Sunday, January 3, 2010

Dynamic Dispatch in Scala

Clojure has runtime polymorphism that goes beyond the single, receiver-based dispatch that you find in Java or Scala. You can dispatch based not only on the type of all objects involved (multiple dispatch), but also on the result of an arbitrary function (predicate dispatch).

Why should I care? Let's explore this in Scala using the Bunny/Lion example as shown on Clojure site.


trait Animal {
def encounter(a: Animal) = "Generic animal encounter"
}

class Bunny extends Animal {
override def encounter(a: Animal) = "Generic Bunny encounter"
def encounter(b: Bunny) = "Mate"
def encounter(l: Lion) = "Run away"
}

class Lion extends Animal {
override def encounter(a: Animal) = "Generic Lion encounter"
def encounter(b: Bunny) = "Eat"
def encounter(l: Lion) = "Fight"
}


This does what we want in a straight-forward example:

val bunny = new Bunny
val lion = new Lion
bunny encounter lion // Run away
bunny encounter bunny // Mate
lion encounter lion // Fight
lion encounter bunny // Eat


But, what happens if we are dealing with a List[Animal]? Or, we have some convenience function like this:

def printEncounter(a1: Animal, a2: Animal) = {
def s(a: Animal) = a.getClass.toString.split("\\.").last
println(s(a1) + " vs " + s(a2) + ": " + (a1 encounter a2))
}
val bunny = new Bunny
val lion = new Lion

printEncounter(bunny, lion)
printEncounter(bunny, bunny)
printEncounter(lion, lion)
printEncounter(lion, bunny)

/* Output:
* Bunny vs Lion: Generic Bunny encounter
* Bunny vs Bunny: Generic Bunny encounter
* Lion vs Lion: Generic Lion encounter
* Lion vs Bunny: Generic Lion encounter
*/


Oh, my! We seem to have dynamically determined which method definition to use based on the runtime type of the receiver object, but not on any of the objects in the argument list.

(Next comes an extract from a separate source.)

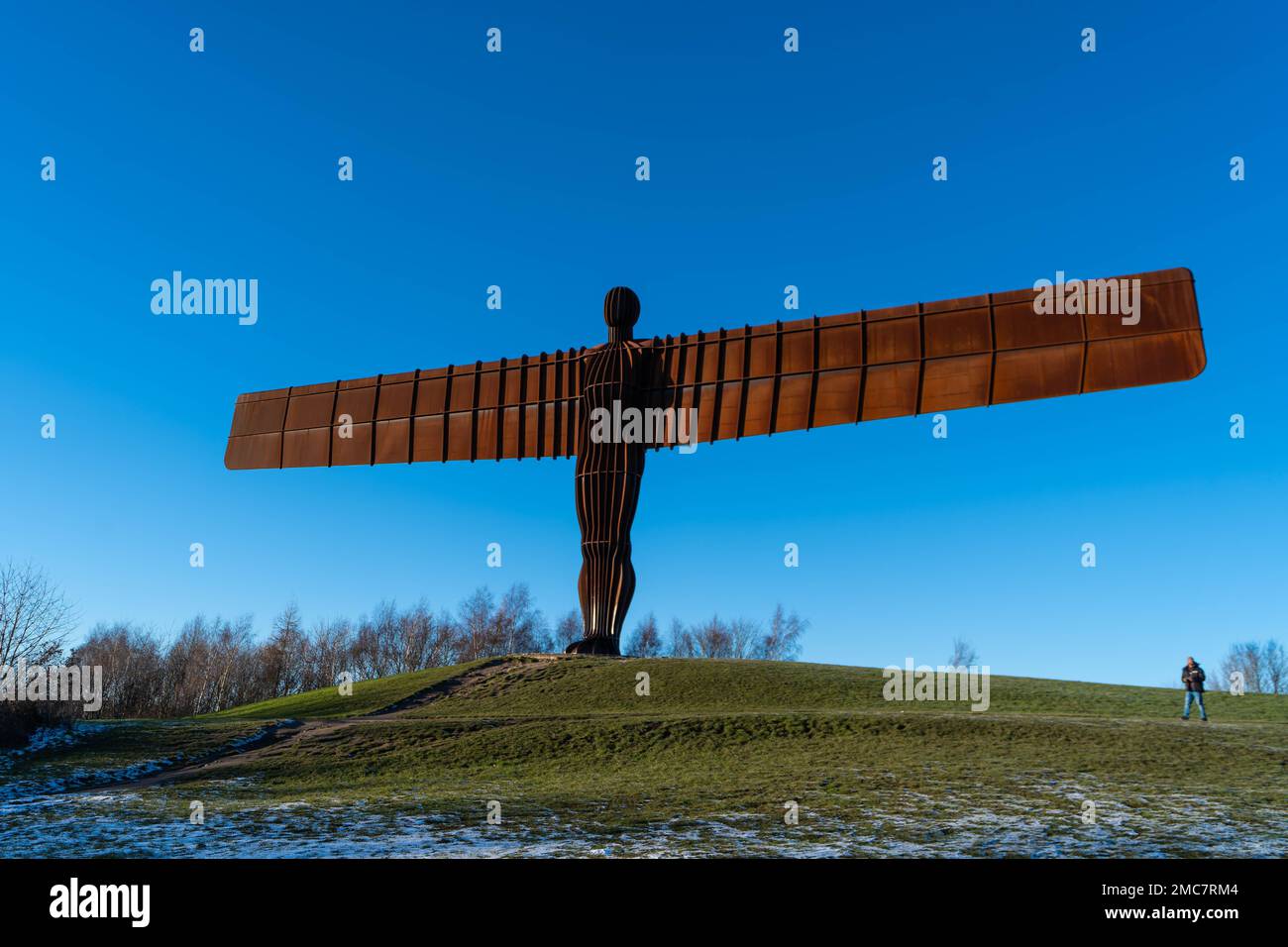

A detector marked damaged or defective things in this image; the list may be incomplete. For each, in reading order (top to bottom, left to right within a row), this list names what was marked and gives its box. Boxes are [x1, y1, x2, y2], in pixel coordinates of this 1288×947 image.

This is the standard functionality you get with Java or Scala.

How would we fix this in Scala? A first pass might look like this:

trait Animal {
def encounter(a: Animal) = "Generic animal encounter"
}

class Bunny extends Animal {
override def encounter(a: Animal) = a match {
case b: Bunny => "Mate"
case l: Lion => "Run away"
case _ => "Generic Bunny encounter"
}
}

class Lion extends Animal {
override def encounter(a: Animal) = a match {
case b: Bunny => "Eat"
case l: Lion => "Fight"
case _ => "Generic Lion encounter"
}
}


Of course, like Clojure's multimethods, pattern matching in Scala is not limited to just type information, but can also look at dynamic runtime information. You could easily imagine a lazy rabbit that only ran from lions that had been identified as hungry at the time:

class Bunny extends Animal {
override def encounter(a: Animal) = a match {
case b: Bunny => "Mate"
case l: Lion if (l.isHungry) => "Run away"
case l: Lion => "Ignore"
case _ => "Generic Bunny encounter"
}
}


So, how is this different from the Clojure approach? Rich Hickey commented on this, which I'll quote here:
Multimethods differ from pattern matching in a number of ways. Two that matter (to me) are:

Pattern matching is usually ‘closed’, in the sense that all possibilities must be enumerated in a single scope.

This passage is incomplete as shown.